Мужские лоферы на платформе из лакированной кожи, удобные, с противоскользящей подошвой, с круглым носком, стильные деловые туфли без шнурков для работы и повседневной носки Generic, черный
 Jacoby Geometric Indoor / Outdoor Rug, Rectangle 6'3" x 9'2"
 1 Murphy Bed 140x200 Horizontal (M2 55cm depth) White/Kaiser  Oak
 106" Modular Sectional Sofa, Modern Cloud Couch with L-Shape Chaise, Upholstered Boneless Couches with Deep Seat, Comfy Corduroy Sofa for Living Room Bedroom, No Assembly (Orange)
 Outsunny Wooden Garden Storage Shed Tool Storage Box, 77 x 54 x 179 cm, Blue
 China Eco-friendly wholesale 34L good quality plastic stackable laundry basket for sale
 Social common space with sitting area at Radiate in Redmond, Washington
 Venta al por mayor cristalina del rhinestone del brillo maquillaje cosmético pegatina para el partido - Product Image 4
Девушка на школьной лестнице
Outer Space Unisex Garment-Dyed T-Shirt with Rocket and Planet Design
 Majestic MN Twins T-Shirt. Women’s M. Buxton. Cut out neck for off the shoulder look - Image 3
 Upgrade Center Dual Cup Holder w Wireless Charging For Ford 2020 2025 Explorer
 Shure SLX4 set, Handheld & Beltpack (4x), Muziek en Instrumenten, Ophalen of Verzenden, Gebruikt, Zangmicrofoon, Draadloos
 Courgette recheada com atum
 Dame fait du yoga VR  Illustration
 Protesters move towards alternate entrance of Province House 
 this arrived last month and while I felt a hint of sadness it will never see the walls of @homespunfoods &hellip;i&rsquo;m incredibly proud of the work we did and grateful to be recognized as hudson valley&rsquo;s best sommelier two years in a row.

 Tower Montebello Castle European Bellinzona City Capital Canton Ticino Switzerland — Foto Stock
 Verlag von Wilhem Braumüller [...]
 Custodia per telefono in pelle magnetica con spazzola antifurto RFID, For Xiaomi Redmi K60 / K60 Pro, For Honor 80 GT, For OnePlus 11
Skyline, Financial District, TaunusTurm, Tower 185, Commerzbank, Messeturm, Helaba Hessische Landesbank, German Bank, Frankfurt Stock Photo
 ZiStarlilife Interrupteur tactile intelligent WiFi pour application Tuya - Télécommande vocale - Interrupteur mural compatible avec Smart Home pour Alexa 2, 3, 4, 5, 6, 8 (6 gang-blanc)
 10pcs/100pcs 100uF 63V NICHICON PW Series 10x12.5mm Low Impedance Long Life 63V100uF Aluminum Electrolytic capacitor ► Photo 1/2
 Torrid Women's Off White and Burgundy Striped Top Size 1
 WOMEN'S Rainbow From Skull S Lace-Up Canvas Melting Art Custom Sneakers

┄┄┄┄┄┄

• WORK TO BE COMPLETED
Please copy the material above without changing a single word.

• RESULT FOR THIS EXERCISE
Мужские лоферы на платформе из лакированной кожи, удобные, с противоскользящей подошвой, с круглым носком, стильные деловые туфли без шнурков для работы и повседневной носки Generic, черный
 Jacoby Geometric Indoor / Outdoor Rug, Rectangle 6'3" x 9'2"
 1 Murphy Bed 140x200 Horizontal (M2 55cm depth) White/Kaiser  Oak
 106" Modular Sectional Sofa, Modern Cloud Couch with L-Shape Chaise, Upholstered Boneless Couches with Deep Seat, Comfy Corduroy Sofa for Living Room Bedroom, No Assembly (Orange)
 Outsunny Wooden Garden Storage Shed Tool Storage Box, 77 x 54 x 179 cm, Blue
 China Eco-friendly wholesale 34L good quality plastic stackable laundry basket for sale
 Social common space with sitting area at Radiate in Redmond, Washington
 Venta al por mayor cristalina del rhinestone del brillo maquillaje cosmético pegatina para el partido - Product Image 4
Девушка на школьной лестнице
Outer Space Unisex Garment-Dyed T-Shirt with Rocket and Planet Design
 Majestic MN Twins T-Shirt. Women’s M. Buxton. Cut out neck for off the shoulder look - Image 3
 Upgrade Center Dual Cup Holder w Wireless Charging For Ford 2020 2025 Explorer
 Shure SLX4 set, Handheld & Beltpack (4x), Muziek en Instrumenten, Ophalen of Verzenden, Gebruikt, Zangmicrofoon, Draadloos
 Courgette recheada com atum
 Dame fait du yoga VR  Illustration
 Protesters move towards alternate entrance of Province House 
 this arrived last month and while I felt a hint of sadness it will never see the walls of @homespunfoods &hellip;i&rsquo;m incredibly proud of the work we did and grateful to be recognized as hudson valley&rsquo;s best sommelier two years in a row.

 Tower Montebello Castle European Bellinzona City Capital Canton Ticino Switzerland — Foto Stock
 Verlag von Wilhem Braumüller [...]
 Custodia per telefono in pelle magnetica con spazzola antifurto RFID, For Xiaomi Redmi K60 / K60 Pro, For Honor 80 GT, For OnePlus 11
Skyline, Financial District, TaunusTurm, Tower 185, Commerzbank, Messeturm, Helaba Hessische Landesbank, German Bank, Frankfurt Stock Photo
 ZiStarlilife Interrupteur tactile intelligent WiFi pour application Tuya - Télécommande vocale - Interrupteur mural compatible avec Smart Home pour Alexa 2, 3, 4, 5, 6, 8 (6 gang-blanc)
 10pcs/100pcs 100uF 63V NICHICON PW Series 10x12.5mm Low Impedance Long Life 63V100uF Aluminum Electrolytic capacitor ► Photo 1/2
 Torrid Women's Off White and Burgundy Striped Top Size 1
 WOMEN'S Rainbow From Skull S Lace-Up Canvas Melting Art Custom Sneakers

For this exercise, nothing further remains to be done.